What is expected:
Write out the material below again, line for line, without any images.

Supplied data:

__________

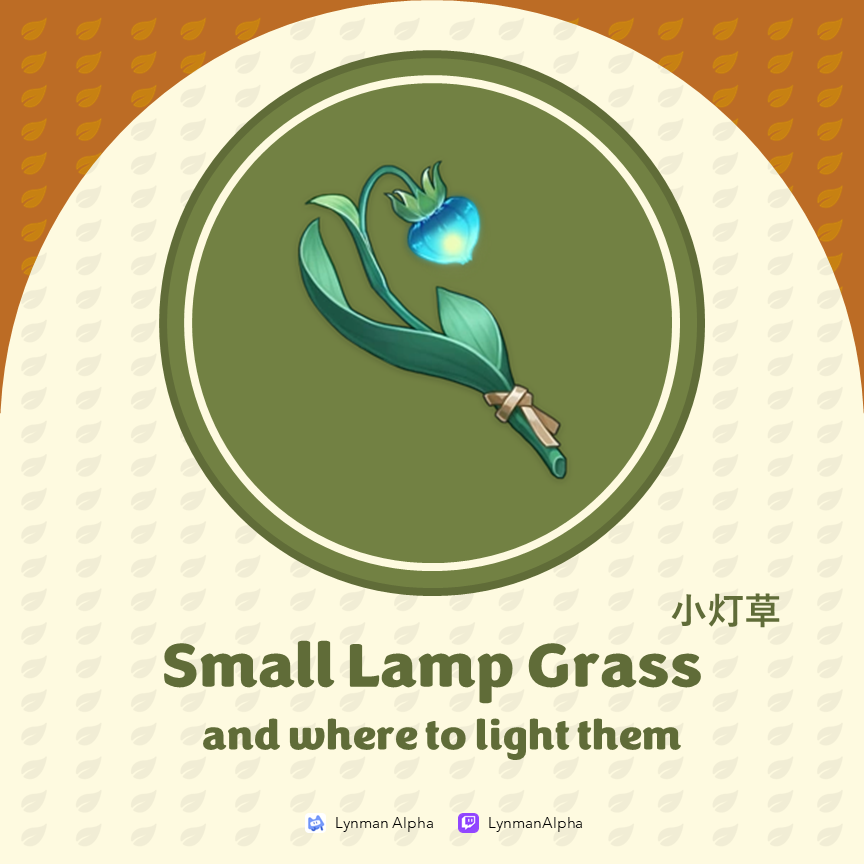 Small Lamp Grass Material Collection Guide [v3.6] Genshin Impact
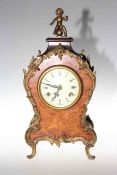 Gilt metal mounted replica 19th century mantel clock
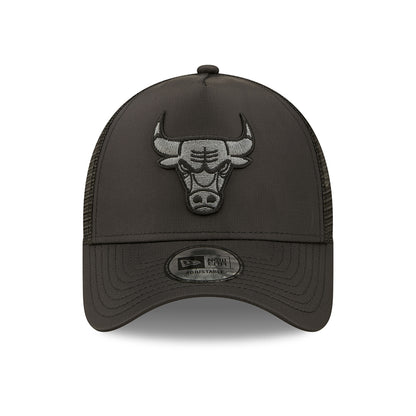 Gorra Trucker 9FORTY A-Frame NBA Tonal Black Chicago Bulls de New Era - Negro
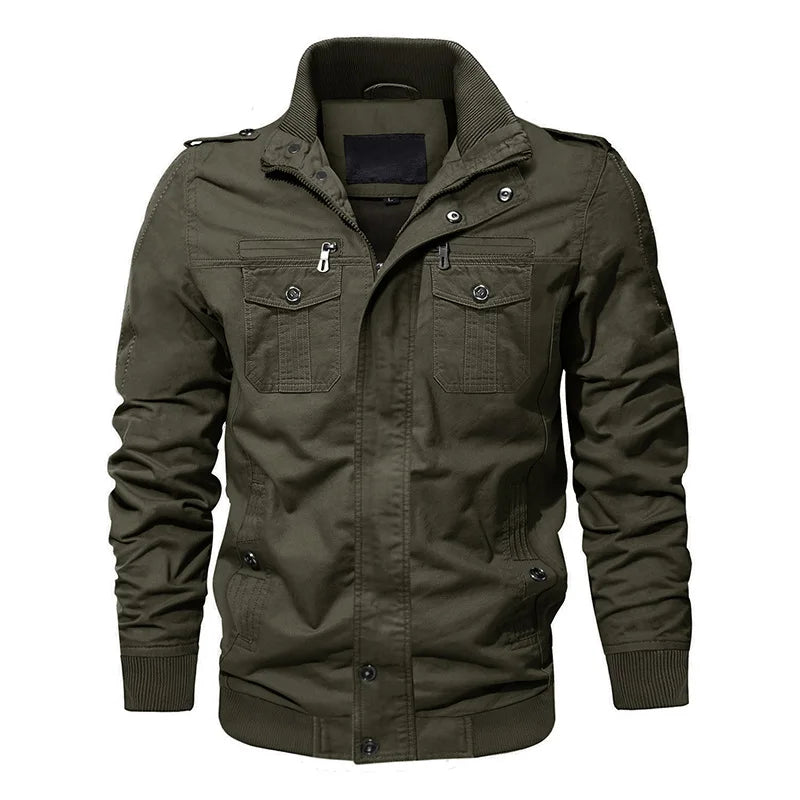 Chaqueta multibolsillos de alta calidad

__________

Task result:
 Small Lamp Grass Material Collection Guide [v3.6] Genshin Impact
 Gilt metal mounted replica 19th century mantel clock
 Gorra Trucker 9FORTY A-Frame NBA Tonal Black Chicago Bulls de New Era - Negro
 Chaqueta multibolsillos de alta calidad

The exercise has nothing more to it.